WORK TO COMPLETE: Count every line below that contains "profile", then state the total with no other output.

Data entries:
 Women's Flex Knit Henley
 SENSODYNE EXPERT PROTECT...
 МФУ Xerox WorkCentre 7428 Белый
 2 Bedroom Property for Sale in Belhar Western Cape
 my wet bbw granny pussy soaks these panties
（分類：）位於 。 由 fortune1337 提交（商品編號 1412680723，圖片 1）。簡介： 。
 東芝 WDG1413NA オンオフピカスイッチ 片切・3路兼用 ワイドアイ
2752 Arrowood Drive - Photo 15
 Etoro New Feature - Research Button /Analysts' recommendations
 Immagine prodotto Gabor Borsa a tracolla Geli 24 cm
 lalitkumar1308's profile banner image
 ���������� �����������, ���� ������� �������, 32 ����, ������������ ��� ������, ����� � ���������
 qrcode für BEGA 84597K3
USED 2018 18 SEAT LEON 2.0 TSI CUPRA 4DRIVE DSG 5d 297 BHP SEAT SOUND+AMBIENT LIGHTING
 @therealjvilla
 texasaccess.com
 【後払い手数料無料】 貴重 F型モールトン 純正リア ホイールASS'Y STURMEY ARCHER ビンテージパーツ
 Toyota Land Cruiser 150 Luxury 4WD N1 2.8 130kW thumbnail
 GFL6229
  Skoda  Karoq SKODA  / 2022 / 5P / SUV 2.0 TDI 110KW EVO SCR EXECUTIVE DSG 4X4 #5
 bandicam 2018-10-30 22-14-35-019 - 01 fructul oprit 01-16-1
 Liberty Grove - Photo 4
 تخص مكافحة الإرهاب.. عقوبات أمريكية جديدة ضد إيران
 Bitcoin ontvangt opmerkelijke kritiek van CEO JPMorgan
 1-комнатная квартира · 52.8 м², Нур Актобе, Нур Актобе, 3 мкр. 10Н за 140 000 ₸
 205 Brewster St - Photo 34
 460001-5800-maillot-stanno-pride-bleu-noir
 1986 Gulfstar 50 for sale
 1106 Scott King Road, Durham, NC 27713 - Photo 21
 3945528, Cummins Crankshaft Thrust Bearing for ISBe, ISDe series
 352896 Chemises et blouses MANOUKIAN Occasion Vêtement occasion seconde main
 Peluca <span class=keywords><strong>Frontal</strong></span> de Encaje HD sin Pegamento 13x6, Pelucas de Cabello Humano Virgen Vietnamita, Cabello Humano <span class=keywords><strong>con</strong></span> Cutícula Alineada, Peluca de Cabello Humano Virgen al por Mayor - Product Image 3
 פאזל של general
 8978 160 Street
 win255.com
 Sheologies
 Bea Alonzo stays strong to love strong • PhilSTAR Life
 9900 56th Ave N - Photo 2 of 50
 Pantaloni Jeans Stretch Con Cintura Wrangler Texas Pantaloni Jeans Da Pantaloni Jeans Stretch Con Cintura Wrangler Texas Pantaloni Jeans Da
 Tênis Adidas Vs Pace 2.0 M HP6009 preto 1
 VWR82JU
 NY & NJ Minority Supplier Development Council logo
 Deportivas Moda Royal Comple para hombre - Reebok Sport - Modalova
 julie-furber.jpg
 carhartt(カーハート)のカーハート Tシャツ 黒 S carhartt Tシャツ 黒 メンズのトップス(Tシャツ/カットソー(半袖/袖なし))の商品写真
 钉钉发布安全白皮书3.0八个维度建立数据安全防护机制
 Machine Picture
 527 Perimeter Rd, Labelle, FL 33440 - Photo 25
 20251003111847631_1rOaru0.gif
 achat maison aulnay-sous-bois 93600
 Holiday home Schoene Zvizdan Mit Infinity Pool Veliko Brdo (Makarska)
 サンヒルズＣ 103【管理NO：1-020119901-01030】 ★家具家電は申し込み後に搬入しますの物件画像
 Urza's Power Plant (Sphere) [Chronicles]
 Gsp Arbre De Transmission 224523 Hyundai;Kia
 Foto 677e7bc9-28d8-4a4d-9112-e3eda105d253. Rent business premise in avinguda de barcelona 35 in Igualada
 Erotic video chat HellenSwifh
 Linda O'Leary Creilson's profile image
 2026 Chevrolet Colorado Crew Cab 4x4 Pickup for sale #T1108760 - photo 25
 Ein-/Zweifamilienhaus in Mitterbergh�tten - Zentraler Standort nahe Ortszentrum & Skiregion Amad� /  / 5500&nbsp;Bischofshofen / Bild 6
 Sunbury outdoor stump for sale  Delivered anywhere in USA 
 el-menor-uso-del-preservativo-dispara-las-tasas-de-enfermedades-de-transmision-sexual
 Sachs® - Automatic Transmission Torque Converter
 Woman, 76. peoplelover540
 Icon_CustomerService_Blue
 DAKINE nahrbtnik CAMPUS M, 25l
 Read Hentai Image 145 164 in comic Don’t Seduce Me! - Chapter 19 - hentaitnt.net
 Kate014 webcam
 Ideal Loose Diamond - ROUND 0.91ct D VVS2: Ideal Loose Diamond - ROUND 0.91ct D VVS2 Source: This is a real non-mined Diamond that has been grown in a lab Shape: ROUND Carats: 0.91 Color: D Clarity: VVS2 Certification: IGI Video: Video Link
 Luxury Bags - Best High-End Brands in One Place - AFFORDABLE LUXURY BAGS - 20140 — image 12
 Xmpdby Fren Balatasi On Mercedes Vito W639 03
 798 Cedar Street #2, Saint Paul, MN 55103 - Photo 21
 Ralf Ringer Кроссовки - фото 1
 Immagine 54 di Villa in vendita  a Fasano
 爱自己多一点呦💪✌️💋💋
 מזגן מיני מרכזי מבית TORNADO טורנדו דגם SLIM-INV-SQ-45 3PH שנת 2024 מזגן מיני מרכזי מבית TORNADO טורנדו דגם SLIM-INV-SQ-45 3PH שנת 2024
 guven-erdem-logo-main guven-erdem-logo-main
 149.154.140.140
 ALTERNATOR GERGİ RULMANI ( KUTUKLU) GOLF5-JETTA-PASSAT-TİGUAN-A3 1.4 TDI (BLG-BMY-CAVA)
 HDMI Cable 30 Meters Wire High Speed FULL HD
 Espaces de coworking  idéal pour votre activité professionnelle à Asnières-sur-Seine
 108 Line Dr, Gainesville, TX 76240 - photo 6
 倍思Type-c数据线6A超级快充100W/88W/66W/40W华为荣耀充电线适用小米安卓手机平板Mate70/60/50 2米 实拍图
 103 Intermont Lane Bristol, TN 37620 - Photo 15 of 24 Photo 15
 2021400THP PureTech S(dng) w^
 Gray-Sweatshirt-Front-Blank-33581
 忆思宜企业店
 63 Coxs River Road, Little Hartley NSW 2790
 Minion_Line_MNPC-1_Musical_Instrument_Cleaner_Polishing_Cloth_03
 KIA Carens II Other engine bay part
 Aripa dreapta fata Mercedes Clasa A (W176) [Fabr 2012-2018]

TASK RESPONSE: 2